_SUPPLIED DATA_.
-*-
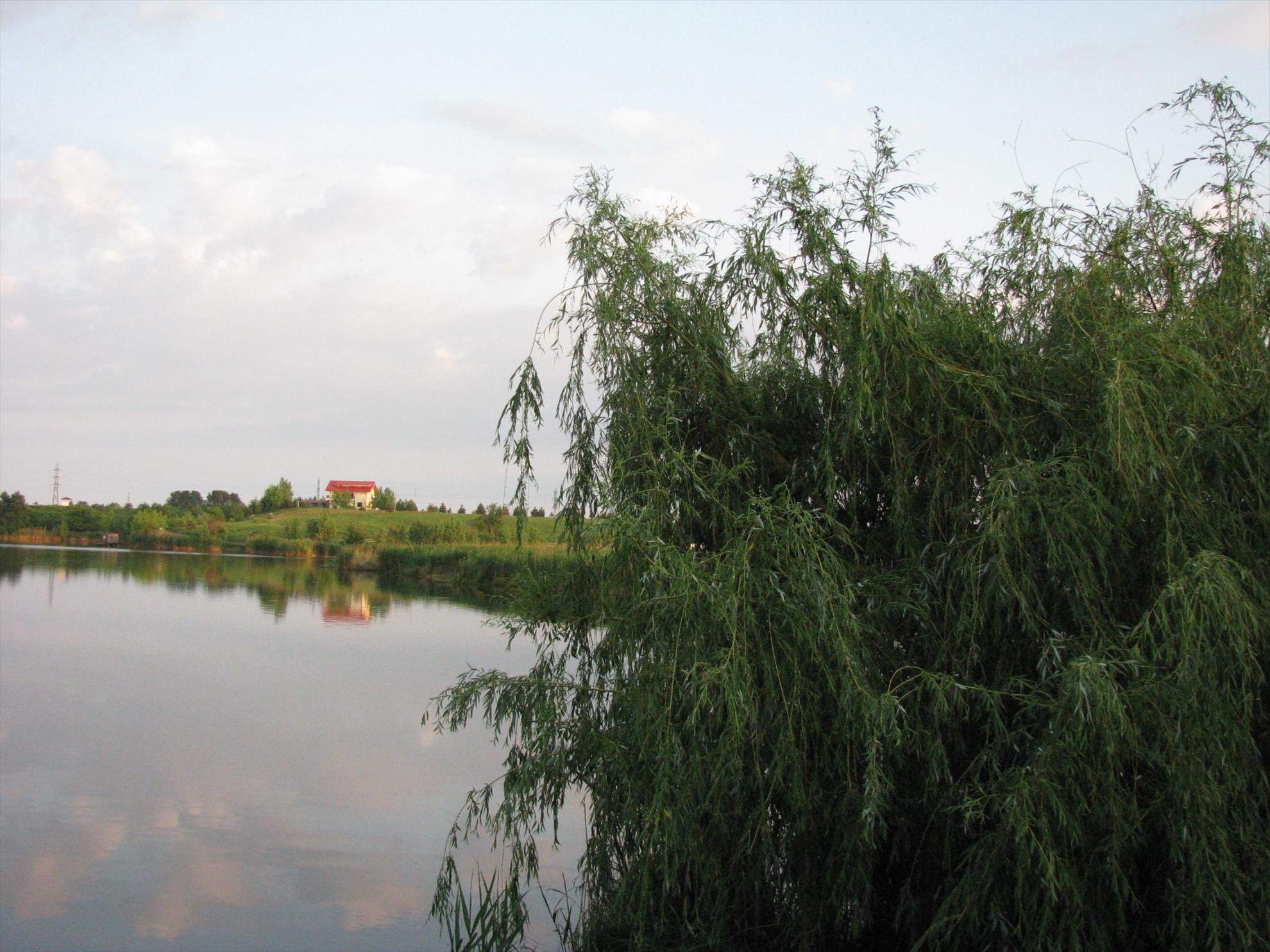 Poze 19-21.05.2012 Tancabesti Avicola 2 - img0177.JPG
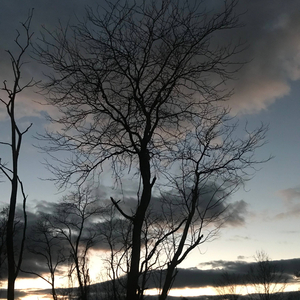 Take My Heart (feat. ZEEF)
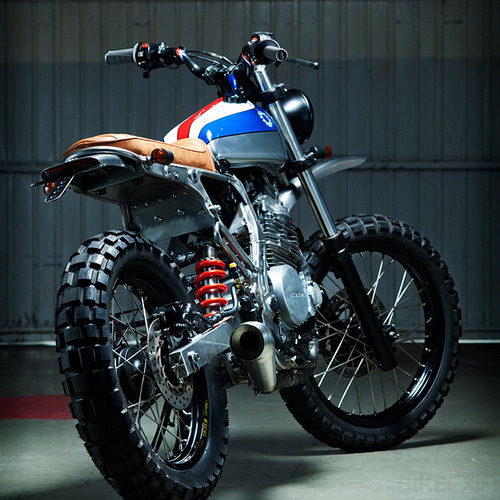 honda_nx650_2_resize.jpg
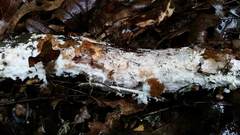 Hydnocristella himantia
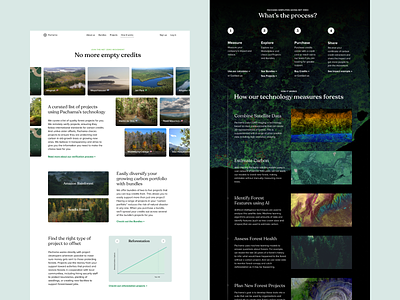 Pachama - How it works Landing Page carbon carbon credits climate co2 design flat landing pachamama typography ui ux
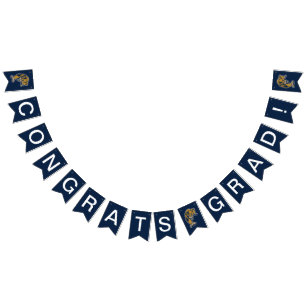 FIU Panthers Graduation Bunting Flags
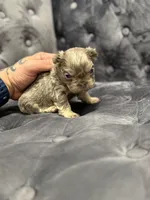 Mila , a female French Bulldog for sale in Houston, TX – Photo 1 of 6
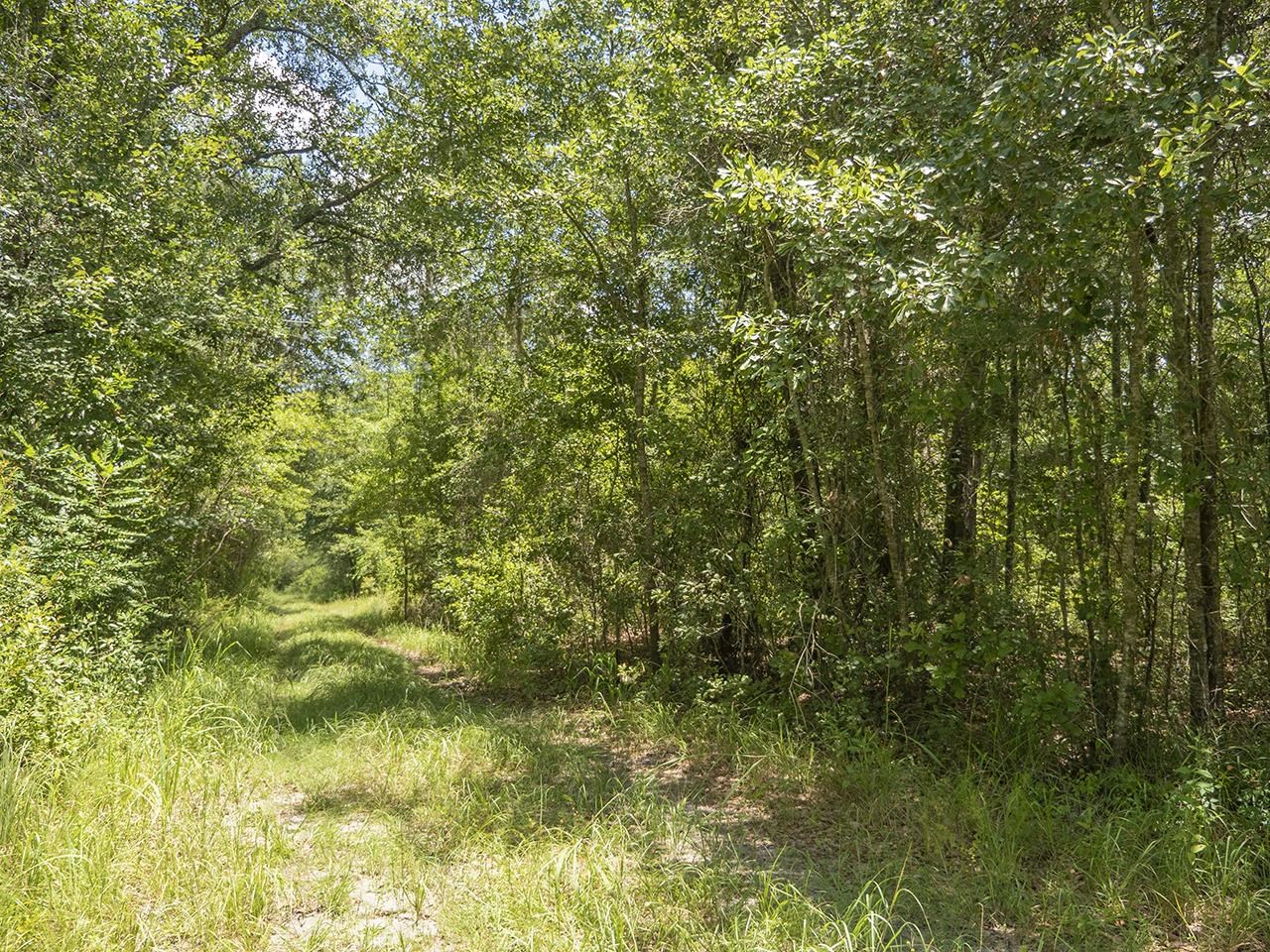 Vacant Southwest Hike Lake Road Madison, FL 32340 - Photo 10 of 35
-*-
_DESCRIPTION OF THE TASK_.
Your copy should hold only the lines from the line with "Hydnocristella himantia" through the end of the data above, both ends included, transcribed exactly and without pictures.

_RESULT_.
 Hydnocristella himantia
 Pachama - How it works Landing Page carbon carbon credits climate co2 design flat landing pachamama typography ui ux
 FIU Panthers Graduation Bunting Flags
 Mila , a female French Bulldog for sale in Houston, TX – Photo 1 of 6
 Vacant Southwest Hike Lake Road Madison, FL 32340 - Photo 10 of 35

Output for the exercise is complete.